How to Keep the Drama Down Low: Embrace digital tools! I like Apps like Expensify™ or Wave™. They help track receipts, and your accountant will love you for it. Remember — all accountants crave receipts. Plus, make it a habit to snap a pic of every receipt before it has the chance to disappear into the desk drawer abyss or find its way into the round filing cabinet.
ACT III: The Late Filing Horror Story
Some people love the adrenaline rush of a deadline. At least the planned ones. And then there are business owners who realize, way too late, that their GST/HST return was due… last week. Or last month. Whoops. Wrong kind of rush. Late filing means penalties, interest, and possibly a stern letter from the CRA that nobody wants to receive.

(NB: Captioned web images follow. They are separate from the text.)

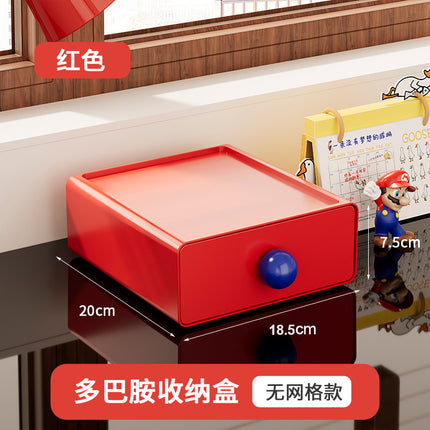 YZ1080 Dopamine Desktop Storage Box with Drawer Cute Home Dormitory Simple Office Desktop Fit Rack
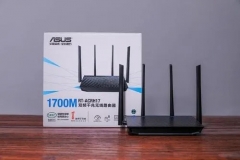 艾泰a652w是千兆路由器吗（ 艾泰a652w是不是千兆路由器）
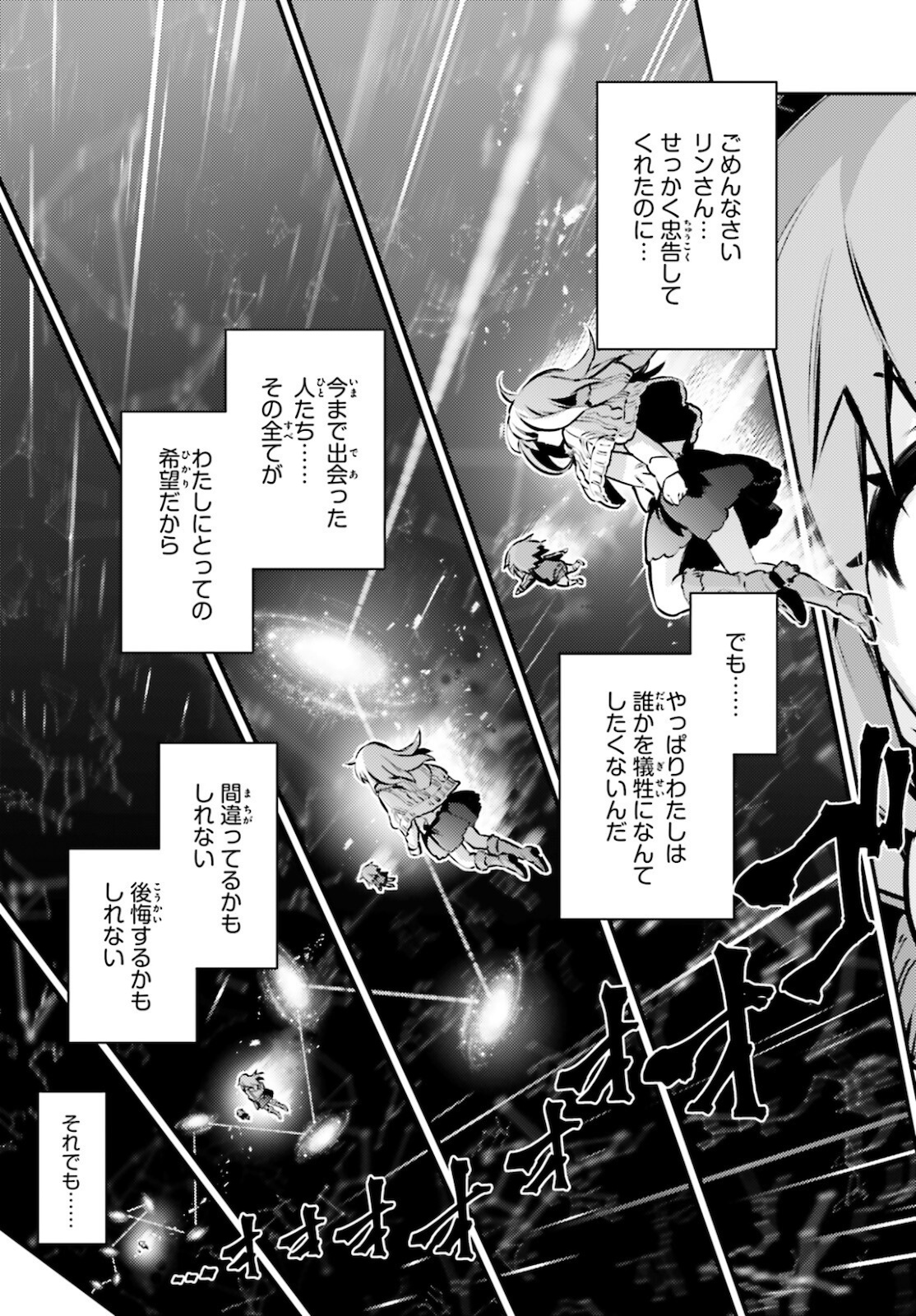 Fate/kaleid liner Prisma Illya 3rei!! Chapter 66.2 13ページ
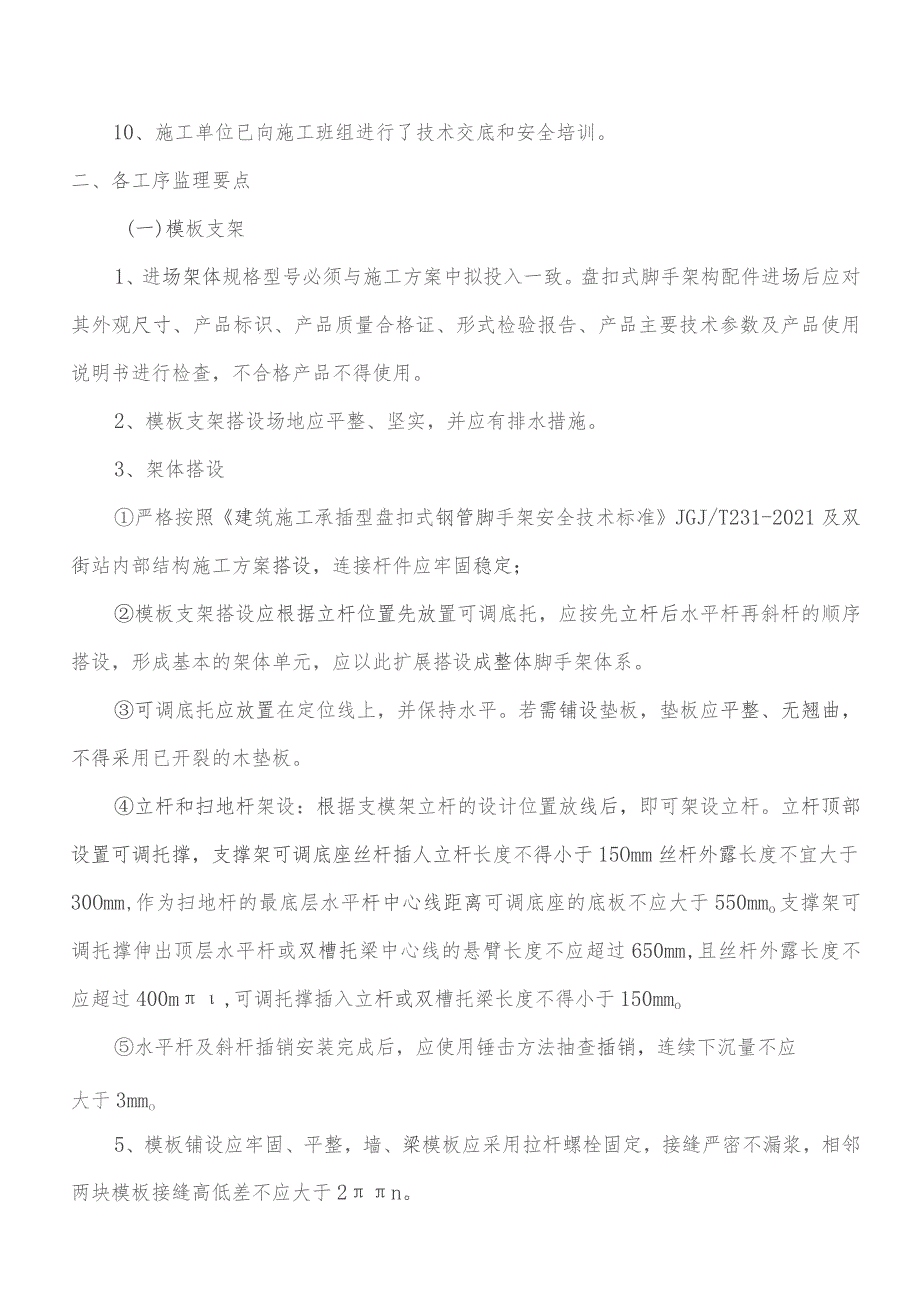 监理交底记录表(双街站内部结构监理实施细则)2023.03.docx_第3页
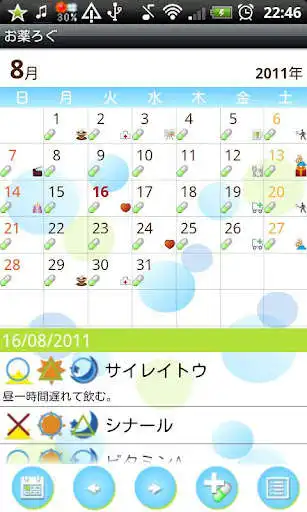 Play Medication Log Free (Medicine)  and enjoy Medication Log Free (Medicine) with UptoPlay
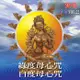 新韻傳音 綠度母心咒/白度母心咒(梵唱) CD MSPCD-1022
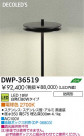 DAIKO  ŵ LEDȥɥݡ DWP-36519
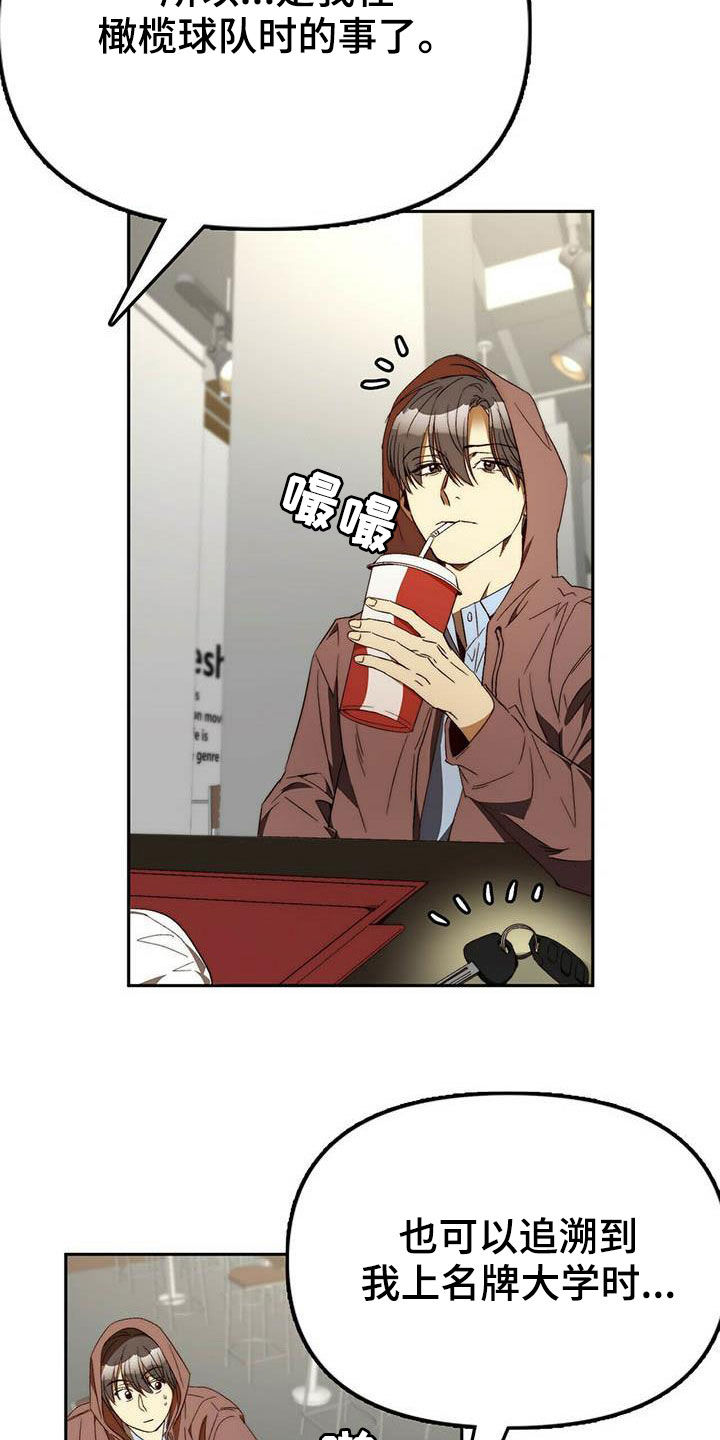 《钻石神偷》第33章车祸 第10页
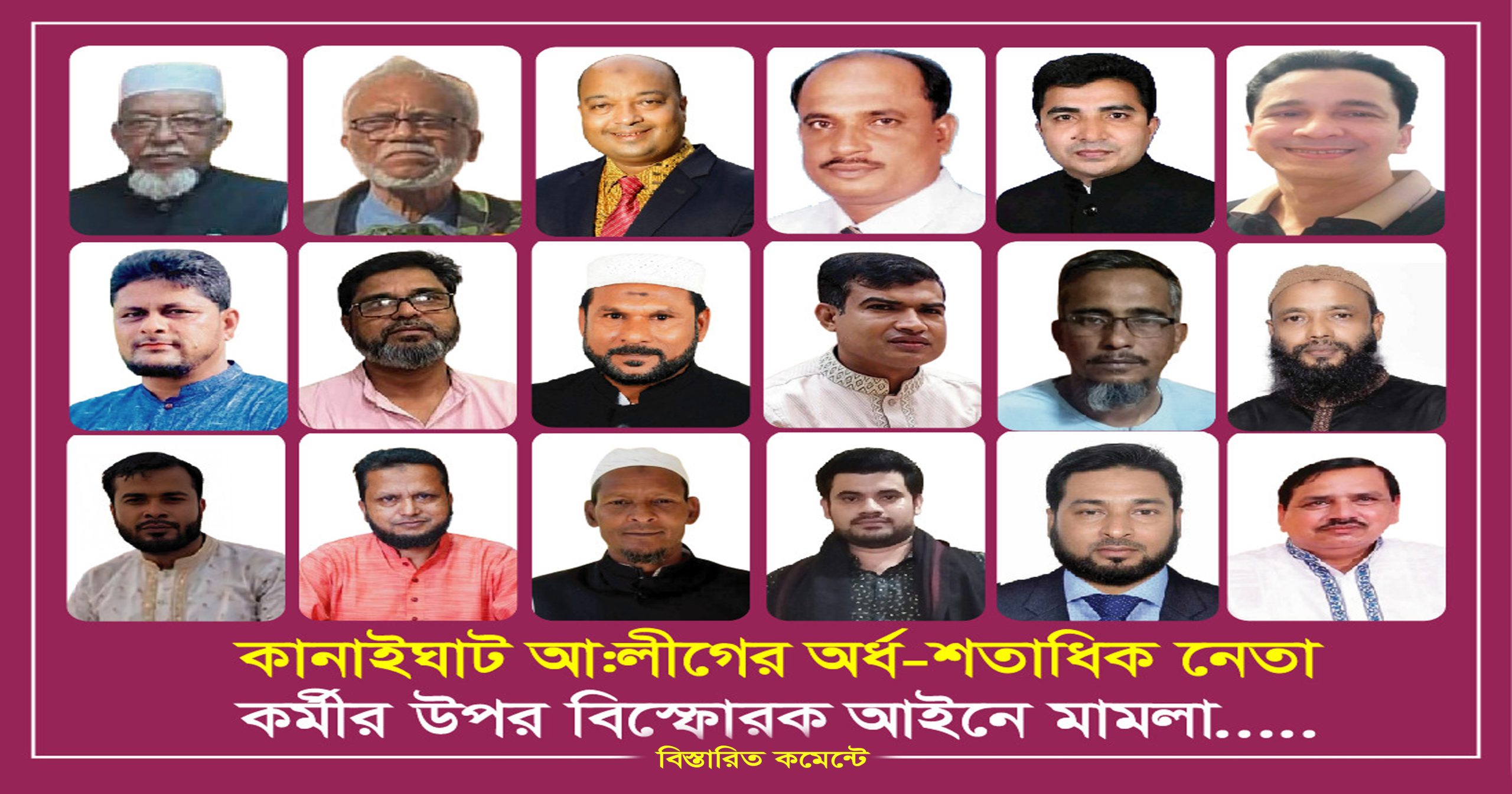 কানাইঘাটে আওয়ামীলীগের বিস্ফোরক মামলার আসামিদের অবাধে চলাফেরা
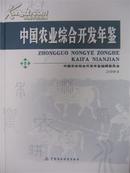 2004中国农业综合开发年鉴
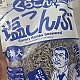 https://nppip.com/data/editor/2607/thumb-20260727040106_174140a3b62ab_80x80.jpg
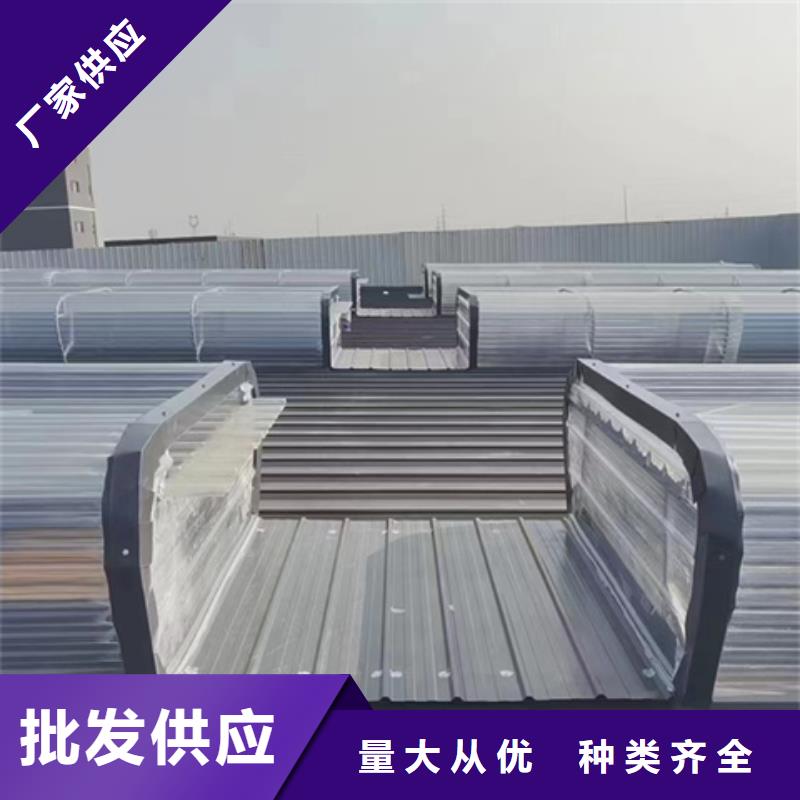 MCW5型通风天窗（暗扣式）大量供应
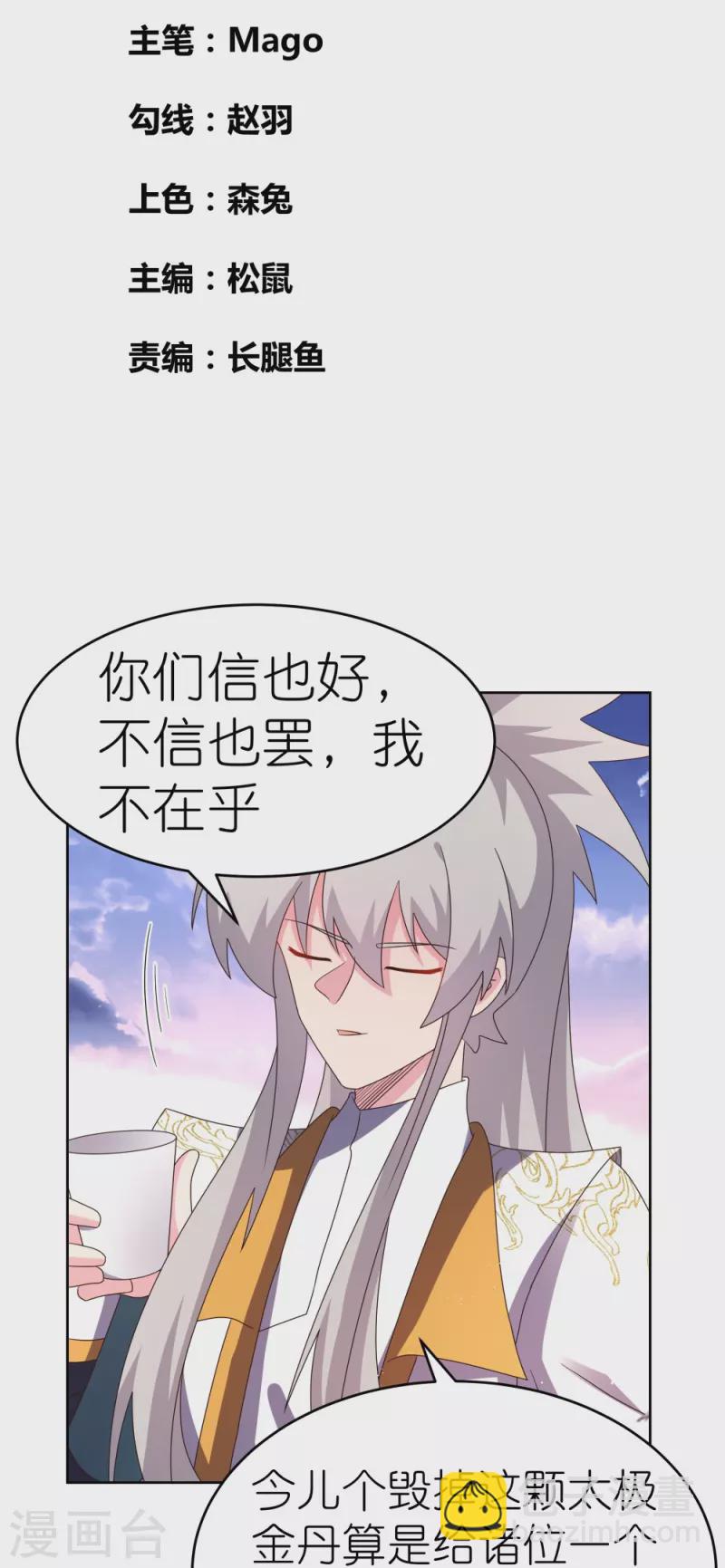 🍲尊上 第427话 结丹失败 第2页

How to Avoid the Nightmare: Set calendar reminders, use accounting software, or better yet, make peace with automation. Numerous accounting platforms can handle the filing for you, so you don’t have to rely on a questionable memory.
ACT IV: The Incorrect Rate Catastrophe
Not all provinces are created equal—at least when it comes to GST/HST rates. Charge the wrong tax rate, and suddenly, you’re either overcharging customers (cue angry emails) or undercharging (cue the CRA knocking on your door).
The Foolproof Fix: Keep a reference sheet of tax rates for every province where you do business. If you’re selling online, ensure your e-commerce platform automatically adjusts tax rates based on customer location. Easy Peasy. At least it should be.
ACT V: The Not-So-Accidental Tax Spending Spree
You’ve collected GST/HST from your customers, but instead of setting it aside, you (hypothetically of course) used it to cover rent, buy supplies, or finally upgrade that worn and outdated office chair. Then tax time arrives, and the CRA is wondering where their money went. And it is theirs.
The Only Way Out: Treat collected tax like it’s radioactive. That means you do not touch it for any reason! Open a separate business savings account and deposit any collected GST/HST proceeds immediately. That way, when tax season arrives, you won’t be frantically shaking chair cushions for spare change.
FINAL SCENE: The Happy Ending
Avoiding these common GST/HST blunders is easier than you think—register on time, track receipts like a hawk, file promptly, charge the correct rate, and never spend collected tax money. Master these basics, and you’ll be the business owner who laughs in the face of tax season while sipping a well-earned cup of double-double iced coffee.
When the credits roll, you want to know that you have done everything you can to avoid having your BIG SHOW close early without an option for a return engagement. Aren’t happy endings great?